Keats, held the Studebaker franchise until 1955, and then switched to Ford. The Studebaker Champion in front of Keats building, is a 1942 model. Most of the cars to the left are Dodges and the two cars heading East on State, are 1941 and 1940 Plymouth's,with a 1941 Olds 98 coming over the bridge. Please publish more of these. This is a gold mine. rayfromvillapark
The three buildings on hte left are still standing, just before the RR E. State St Pennsy RR overpass between Chestnut and Monmouth.
I think it was about here where Ernie Kovacs went down to the tracks with a back pack remote trasnmitter and broadcast the passing of a fast moving train by throwing the entire rig under the train. He lost his local gig (was it WTTM?) and moved to Philly.
My father in law had a letter signed by George Romney when he was President of Nash, later to become Governor or Michigan. He bought a brand new Nash that had a horrible leak in the trunks rubber seal and it would have a few inches of water sloshing around after a heavy rain.
In his infinite wisdom as President of Nash, he directed the dealer to drill three holes in the trunk to let the water out. Despite that they did have some comfortable seats that folded back and accorded two "adults" to simply fold back the seats and put a few pillows and blankets from the trunk snooze away. I guess that was "if" drilling the holes worked?

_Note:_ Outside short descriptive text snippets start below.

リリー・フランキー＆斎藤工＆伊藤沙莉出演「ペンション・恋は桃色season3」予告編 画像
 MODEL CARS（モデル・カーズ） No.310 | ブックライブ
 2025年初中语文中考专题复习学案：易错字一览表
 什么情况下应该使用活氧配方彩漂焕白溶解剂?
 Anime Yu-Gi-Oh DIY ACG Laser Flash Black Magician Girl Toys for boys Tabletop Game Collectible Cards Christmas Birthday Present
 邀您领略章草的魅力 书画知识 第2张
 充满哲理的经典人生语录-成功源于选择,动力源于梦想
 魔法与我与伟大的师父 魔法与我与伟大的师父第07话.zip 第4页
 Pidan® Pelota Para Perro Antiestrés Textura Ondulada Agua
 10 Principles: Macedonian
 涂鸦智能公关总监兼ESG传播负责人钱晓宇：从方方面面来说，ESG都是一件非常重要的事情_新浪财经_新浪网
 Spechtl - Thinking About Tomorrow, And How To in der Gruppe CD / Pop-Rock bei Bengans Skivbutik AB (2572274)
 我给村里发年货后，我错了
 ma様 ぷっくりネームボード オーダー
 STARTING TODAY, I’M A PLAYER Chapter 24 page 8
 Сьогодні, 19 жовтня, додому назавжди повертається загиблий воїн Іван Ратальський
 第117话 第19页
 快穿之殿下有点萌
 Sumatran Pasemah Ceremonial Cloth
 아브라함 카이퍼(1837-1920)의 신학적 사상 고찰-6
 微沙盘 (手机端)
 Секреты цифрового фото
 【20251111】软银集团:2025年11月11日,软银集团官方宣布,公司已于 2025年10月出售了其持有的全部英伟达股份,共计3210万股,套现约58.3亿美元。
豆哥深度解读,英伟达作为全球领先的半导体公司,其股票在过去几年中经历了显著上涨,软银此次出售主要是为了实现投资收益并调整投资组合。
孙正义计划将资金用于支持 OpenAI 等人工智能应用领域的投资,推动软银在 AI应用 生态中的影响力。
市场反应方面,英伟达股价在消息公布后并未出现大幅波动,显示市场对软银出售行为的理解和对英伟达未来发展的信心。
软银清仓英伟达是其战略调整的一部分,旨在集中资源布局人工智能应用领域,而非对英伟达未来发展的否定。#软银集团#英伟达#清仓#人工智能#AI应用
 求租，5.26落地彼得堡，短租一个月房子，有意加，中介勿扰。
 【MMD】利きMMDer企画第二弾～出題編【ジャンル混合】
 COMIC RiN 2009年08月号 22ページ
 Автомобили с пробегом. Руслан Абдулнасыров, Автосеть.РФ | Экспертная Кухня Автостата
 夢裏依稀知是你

"Stude" was way ahead and that Golden Hawk was a sight to behold. Keeping cars and dates in perspective, they should have been in the "hall of fame" along with the like of the "E" Jag; that was one sleek design for it's day. Now that Nash Metropolitan was a car of memories too. I better stop there shouldn't I?
1940 Ford (Siebert) low mile original version of the hearse but it has been "toned down" more to a "sedan delivery" version that without thinking I almost made the 400 mile drive to Freeport ME since his cars (he advertises in Hemmings as a regular), but this buggy is immaculate and a real but at $49,000 us out of my range and are usually much more modest. He also has a low mileage 1954 Nash Metro for a cool $9,000, The all original 239 "flat head" Ford is probably worth it but he only reason that a Nash would be "low miles" would be that it took a lot of work to get "high miles" on it.